As causas variam: é a força do hábito, é a distância às estações, é a falta de confiança nos horários. Mas há uma razão relevante: a dificuldade em mudar de transporte, durante uma viagem.

Vamos aos exemplos: quem quiser chegar à estação do Rossio, tem de sair do metro nos Restauradores. O mesmo desencontro acontece na estação de comboio de Sete Rios, onde se chega pela estação de metro do Jardim Zoológico. O pensamento intermodal em Portugal é mais recente do que noutros países europeus e os horários dos vários modos de transporte raramente coincidem. Assim, dificilmente se conseguem mudanças suaves, sem corridas ou esperas demoradas.

Melhorar os transportes de Lisboa não passa só por acrescentar novas linhas no mapa. Também é necessário articular as redes, acertar horários, melhorar os acessos, a sinalética e os espaços de espera nas estações intermodais, enfim, criar experiências de utilização mais agradáveis.

Vem a decisão do novo aeroporto mudar o mapa actual, é certo. É preciso fazer chegar o comboio e ligá-lo às várias redes de transportes, em Lisboa e nas regiões mais próximas. Para o conseguir, a terceira travessia do Tejo torna-se inadiável, estando a ponte 25 de Abril tão congestionada.

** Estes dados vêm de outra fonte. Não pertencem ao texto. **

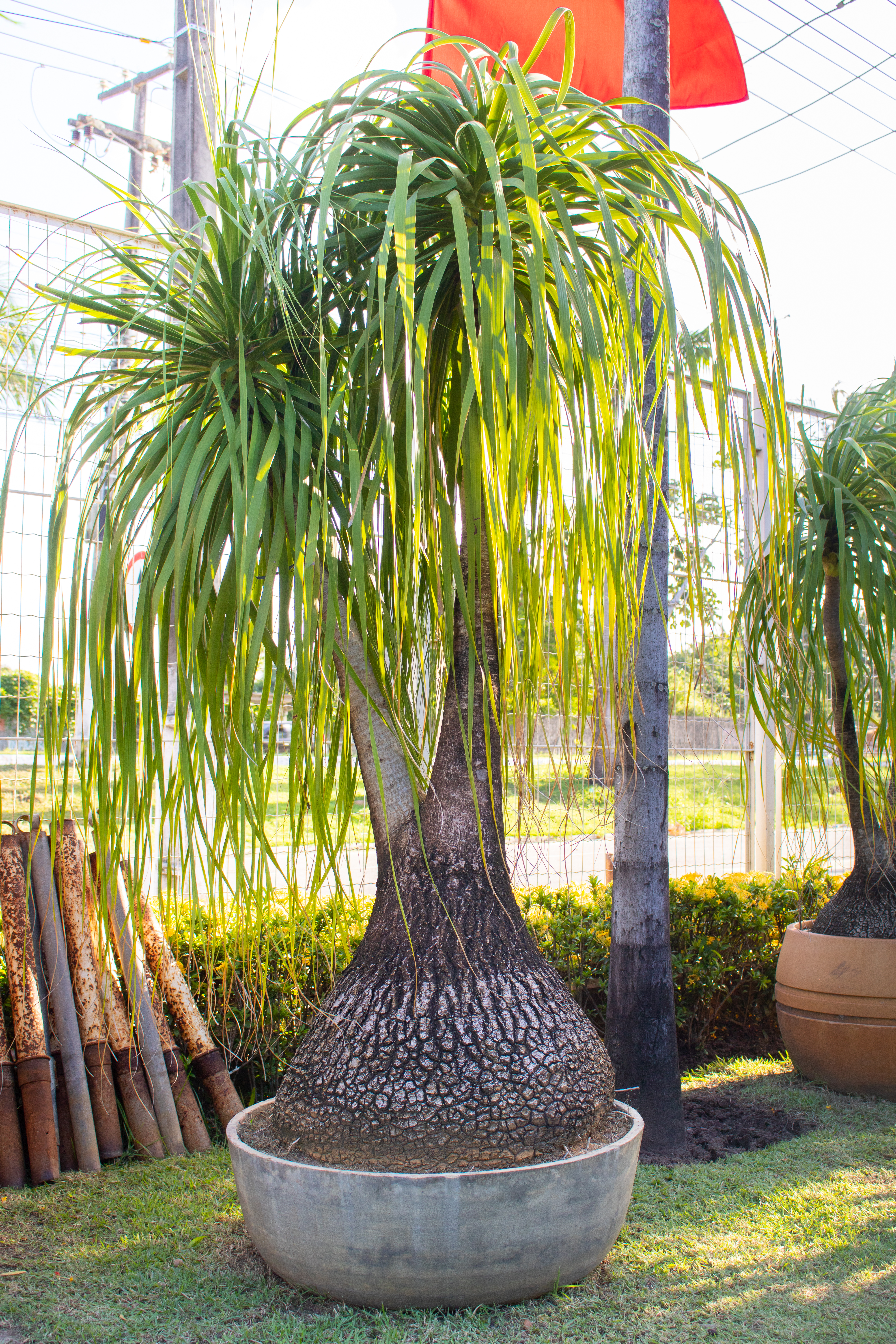 As 10 Árvores Ornamentais Perfeitas para Varandas Pequenas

É fácil imaginar, no futuro aeroporto Luís de Camões, um novo centro para a rede ferroviária nacional: o terreno é plano, pouco povoado, e as linhas de alta velocidade levam os passageiros até Madrid a este, para Beja, Faro e Sevilha no sul, e para o Porto e Corunha a norte, todas estas cidades servidas por aeroportos. São ligações de distância média, em que o comboio de alta velocidade é competitivo face ao avião.

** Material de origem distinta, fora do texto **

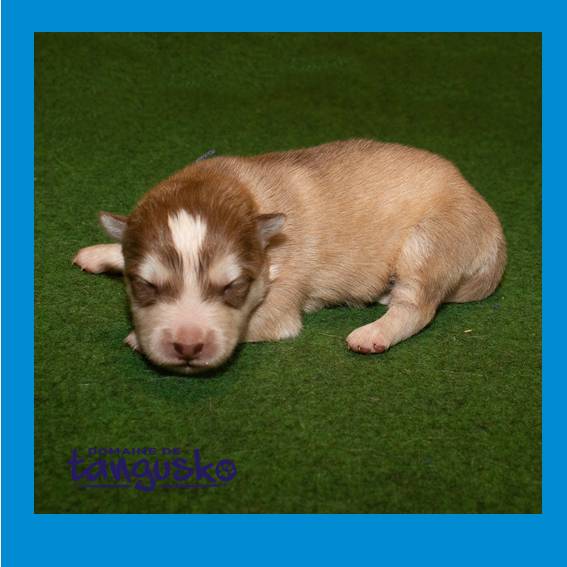 chiot male charbo creme collier bleu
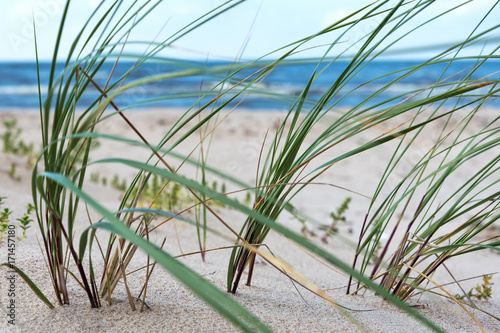 Grass on Baltic beach.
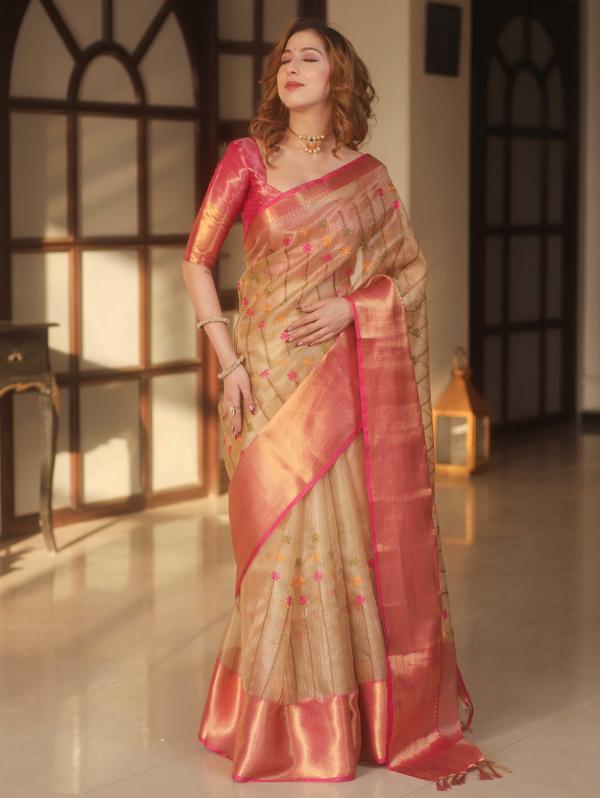 Tissue Embroidery Saree - Golden Beige Colour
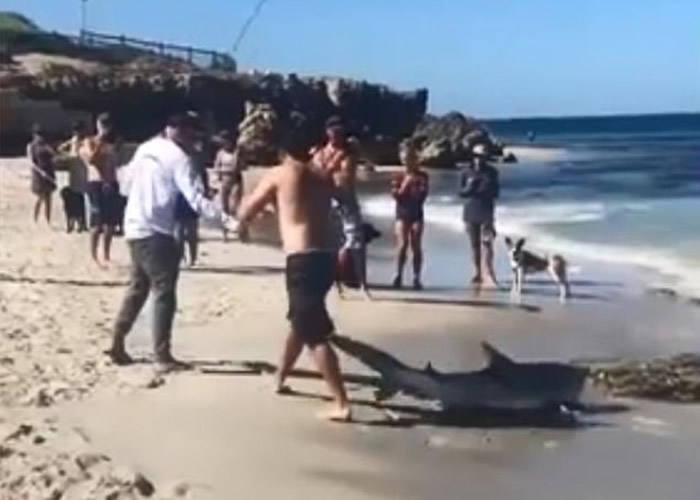 虎鲨搁浅澳洲珀斯沙滩挣扎 男子徒手抱住送回大海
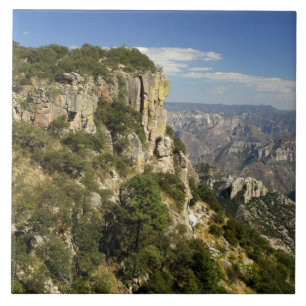Azulejo México, Estado de Chihuahua, Copper Canyon. ESTO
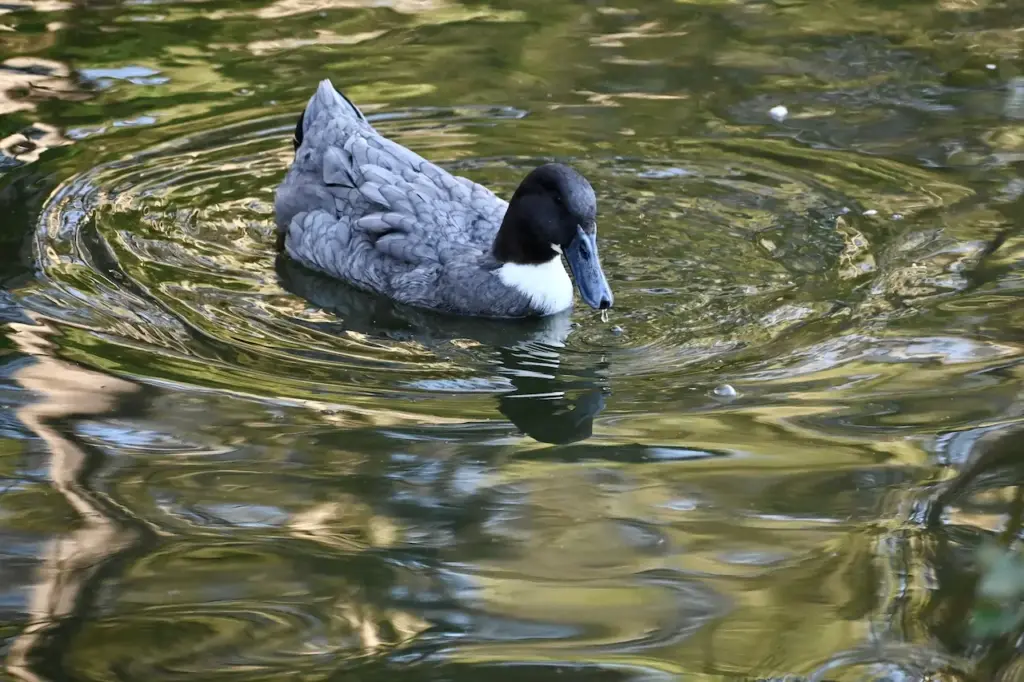 A Duck in the Water Swedish Ducks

A terceira travessia do Tejo também promete revolucionar os transportes da área metropolitana. Fecha um anel ferroviário nas duas margens do Tejo, com capacidade para facilmente ligar as várias linhas radiais, encurtando o tempo nas deslocações.

O anel ferroviário seria comparável à linha circular do metro de Lisboa, mas numa escala mais vasta, com comboios velozes e maior distância entre estações. Seria, por assim dizer, quase como uma segunda circular, sem emissões poluentes, a distribuir passageiros nos dois lados do rio e a aliviar a pressão imobiliária que recai sobre o centro de Lisboa.

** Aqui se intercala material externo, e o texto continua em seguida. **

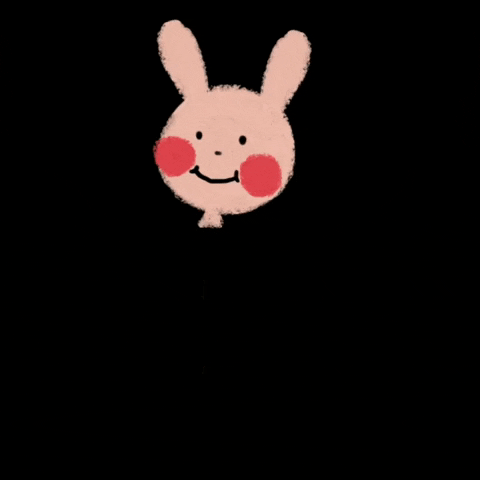 Rabbit 兔子 GIF
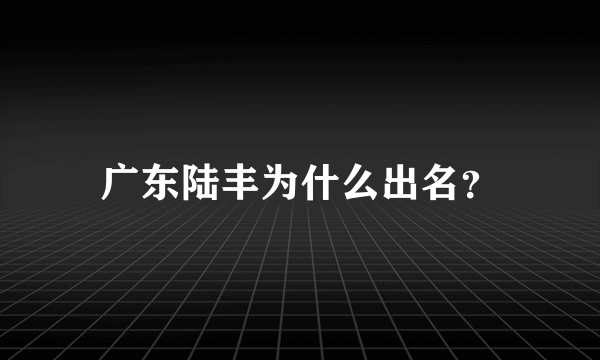 广东陆丰为什么出名？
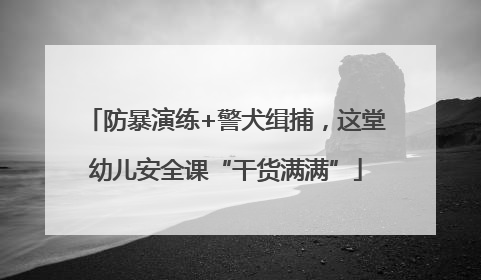 防暴演练+警犬缉捕，这堂幼儿安全课“干货满满”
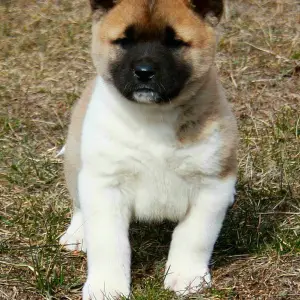 Photo №1. shiba inu - for sale in the city of Volgodonsk | 483$ | Announcement № 1403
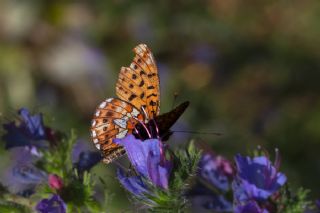 Beyaz nci (Clossiana euphrosyne)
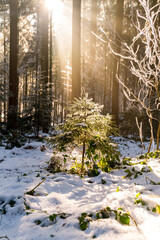 Magical winter forest with sunshine in Bavaria in Germany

Os dois anéis de transportes, a linha circular do metro e o anel ferroviário, teriam como pontos de contacto as estações de Entrecampos e Roma-Areeiro, que se arriscam a ver a procura de passageiros aumentar. Fará sentido manter a intenção de fazer do Oriente o hub ferroviário da Grande Lisboa? Há obras pendentes, como a duplicação da linha da Cintura, para fazer chegar ao Oriente os comboios Fertagus.

Se houvesse uma estação de comboio principal, chamar-se-ia Lisboa Central? Várias capitais europeias têm a sua, é o caso de Berlim, Copenhaga ou Viena. Pode parecer um nome neutro, mas ajudaria quem visitasse Lisboa pela primeira vez a encontrar o seu percurso.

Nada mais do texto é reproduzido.